I think this corresponds to the expected result and formatting.

More training data for suffixes like Sr. Jr would be very welcome, there are almost no example right now. In the training data, I have annotated the sequence Clow GD, McKay CP, Simmons Jr. GM, and Wharton RA, Jr. as

<author><lastname>Clow</lastname> <forename>GD</forename>, <lastname>McKay</lastname> <forename>CP</forename>, <lastname>Simmons</lastname> <suffix>Jr</suffix>. <forename>GM</forename>, and <lastname>Wharton</lastname> <forename>RA</forename>, <suffix>Jr</suffix>. </author>

So the block of initials is annotated as <forename>, and post-processing takes care of recognizing the initials (2 letters in upper case) and distribute it as forename and middlename.

As this sequence of names is now present in the training data, it's not a surprise to have the above result, it's a way for checking that correctly tagged sequence get well structured and normalised. I think with new names in a different order with Jr. and Sr. and other suffix, having similar good result in a robust manner will require to have a few more relevant cases in the training data - but only a few!

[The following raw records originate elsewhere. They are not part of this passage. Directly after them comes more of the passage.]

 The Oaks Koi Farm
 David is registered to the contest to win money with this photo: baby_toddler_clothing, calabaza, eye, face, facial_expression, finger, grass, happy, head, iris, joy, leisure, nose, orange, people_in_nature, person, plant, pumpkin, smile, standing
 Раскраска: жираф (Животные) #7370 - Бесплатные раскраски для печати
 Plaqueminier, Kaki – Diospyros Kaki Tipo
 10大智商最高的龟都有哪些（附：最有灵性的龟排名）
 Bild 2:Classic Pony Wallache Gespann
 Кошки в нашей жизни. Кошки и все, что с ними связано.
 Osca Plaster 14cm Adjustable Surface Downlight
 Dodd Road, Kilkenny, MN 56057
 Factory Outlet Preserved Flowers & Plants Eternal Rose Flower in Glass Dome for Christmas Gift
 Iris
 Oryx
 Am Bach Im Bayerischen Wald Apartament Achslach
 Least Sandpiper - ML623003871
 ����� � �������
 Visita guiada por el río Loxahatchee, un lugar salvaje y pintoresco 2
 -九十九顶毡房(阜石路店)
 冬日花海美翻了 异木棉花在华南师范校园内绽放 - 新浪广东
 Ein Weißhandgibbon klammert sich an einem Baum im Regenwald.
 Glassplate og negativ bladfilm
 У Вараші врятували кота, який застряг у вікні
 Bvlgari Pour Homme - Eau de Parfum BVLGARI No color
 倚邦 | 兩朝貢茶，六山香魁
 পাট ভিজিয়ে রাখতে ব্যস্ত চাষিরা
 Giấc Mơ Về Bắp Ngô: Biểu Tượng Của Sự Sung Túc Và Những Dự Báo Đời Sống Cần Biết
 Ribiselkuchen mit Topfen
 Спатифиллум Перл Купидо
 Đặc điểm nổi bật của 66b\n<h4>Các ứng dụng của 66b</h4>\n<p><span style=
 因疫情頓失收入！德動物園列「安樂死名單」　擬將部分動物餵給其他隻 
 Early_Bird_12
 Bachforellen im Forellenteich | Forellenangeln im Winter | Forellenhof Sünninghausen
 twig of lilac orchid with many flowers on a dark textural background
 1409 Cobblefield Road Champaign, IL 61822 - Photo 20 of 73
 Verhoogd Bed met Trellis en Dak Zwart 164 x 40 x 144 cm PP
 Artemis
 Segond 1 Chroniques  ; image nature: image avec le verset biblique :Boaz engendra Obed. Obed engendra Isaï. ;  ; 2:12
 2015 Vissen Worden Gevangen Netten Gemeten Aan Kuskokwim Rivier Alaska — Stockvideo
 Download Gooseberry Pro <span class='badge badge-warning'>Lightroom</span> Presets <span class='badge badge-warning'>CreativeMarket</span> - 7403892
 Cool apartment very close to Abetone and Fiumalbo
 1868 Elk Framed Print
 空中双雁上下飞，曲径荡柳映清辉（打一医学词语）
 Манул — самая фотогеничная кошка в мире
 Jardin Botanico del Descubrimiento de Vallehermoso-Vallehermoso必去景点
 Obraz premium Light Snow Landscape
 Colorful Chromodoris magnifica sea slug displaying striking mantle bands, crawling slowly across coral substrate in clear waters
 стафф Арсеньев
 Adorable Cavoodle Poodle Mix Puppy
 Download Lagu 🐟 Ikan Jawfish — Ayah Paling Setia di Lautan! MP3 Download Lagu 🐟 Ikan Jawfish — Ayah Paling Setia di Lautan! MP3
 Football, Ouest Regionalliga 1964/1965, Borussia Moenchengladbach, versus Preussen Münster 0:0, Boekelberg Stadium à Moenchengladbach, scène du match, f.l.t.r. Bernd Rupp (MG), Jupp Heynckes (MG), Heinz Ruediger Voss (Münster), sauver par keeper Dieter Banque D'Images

dominic-sps commented 7 years ago

Great Thank you. I'll check this out.

Regarding suffix samples, there are lot of training data already available grobid-trainer/resources/dataset/name/citation/corpus/standalone.names.tei.xml.exclude

Not sure about the "exclude" file purpose. If you want full reference with different prefix and suffix, I'll arrange.

kermitt2 commented 7 years ago

I assembled this file with suffix and unusual examples of names for this purpose, but using it resulted in a loss of accuracy for author name recognition of 2-4%, so I have excluded it from the training.

I suppose the problem is that's only names in isolation, not sequence of names as found in academic papers. It might also create over-representation of this kind of unusual names in the trained model. So lesson learned, the best is to use actual data as found in academic papers, and not artificially compiled stuff like this file ;)